LISTED RECORDS -
>>>

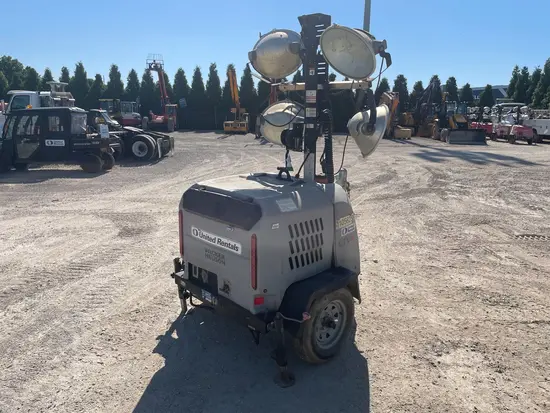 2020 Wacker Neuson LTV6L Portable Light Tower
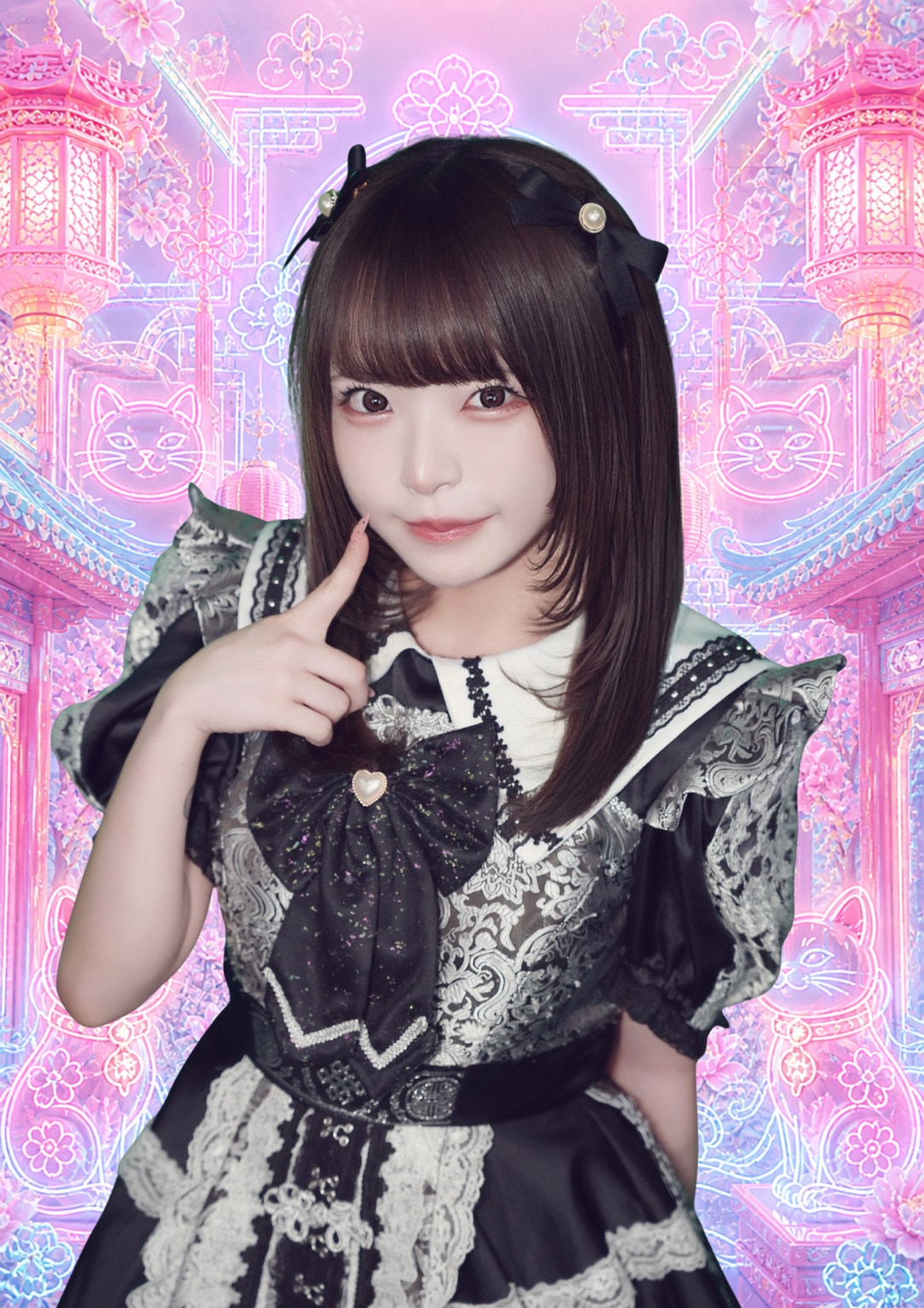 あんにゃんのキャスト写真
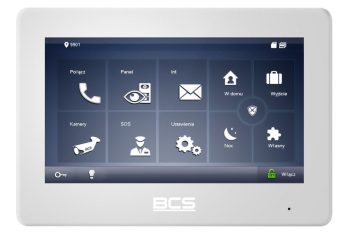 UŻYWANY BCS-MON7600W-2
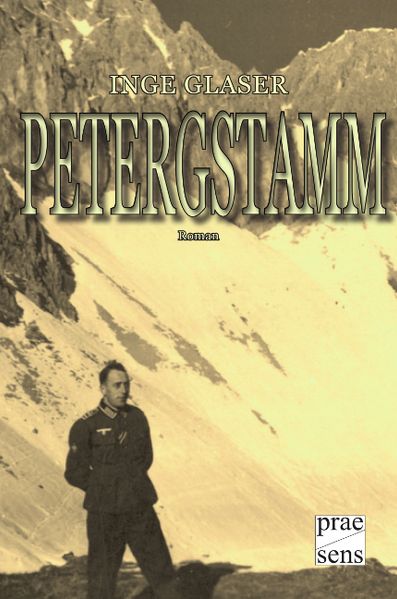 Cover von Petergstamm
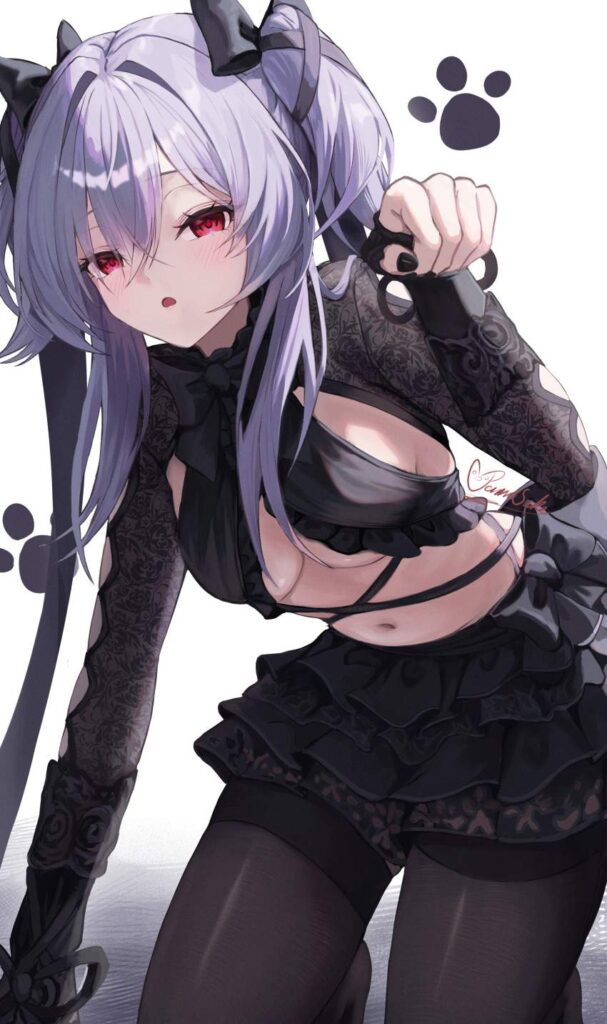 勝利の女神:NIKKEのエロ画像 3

<<<
>>>

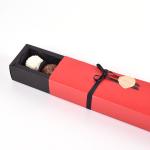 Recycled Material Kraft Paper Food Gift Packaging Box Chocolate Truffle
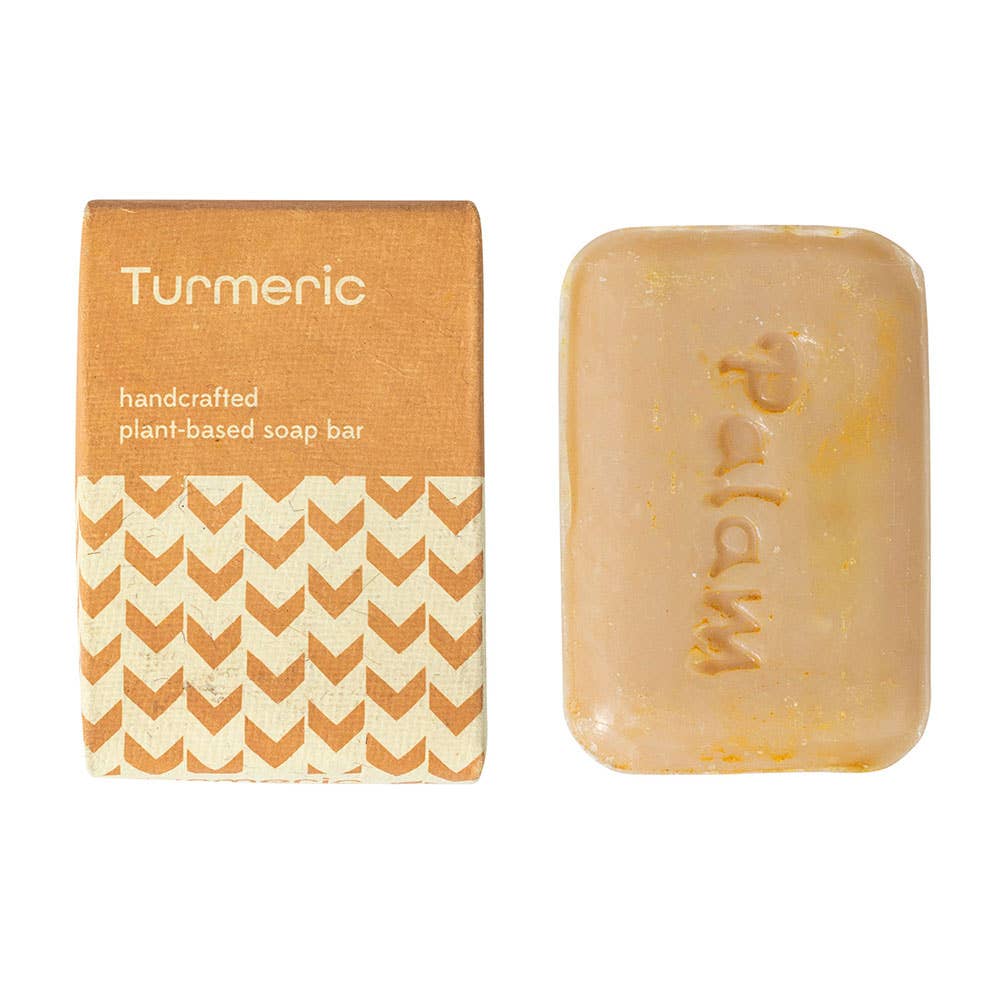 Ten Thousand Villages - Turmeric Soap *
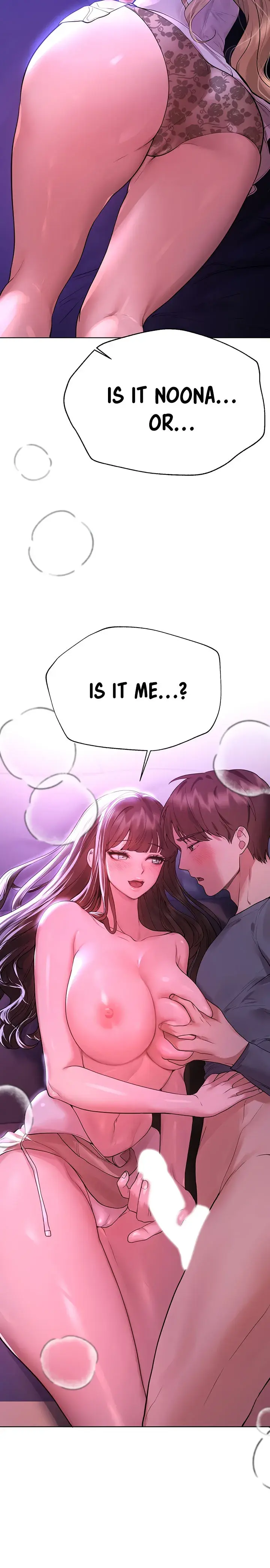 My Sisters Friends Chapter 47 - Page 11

<<<

DIRECTIONS FOR THIS TASK - Once the line with "2020 Wacker Neuson" is found above, print it and every line after it through the line with "勝利の女神:NIKKEのエロ画像 3", exactly. Pictures stay out.

RESULT OF THIS EXERCISE -
 2020 Wacker Neuson LTV6L Portable Light Tower
 あんにゃんのキャスト写真
 UŻYWANY BCS-MON7600W-2
 Cover von Petergstamm
 勝利の女神:NIKKEのエロ画像 3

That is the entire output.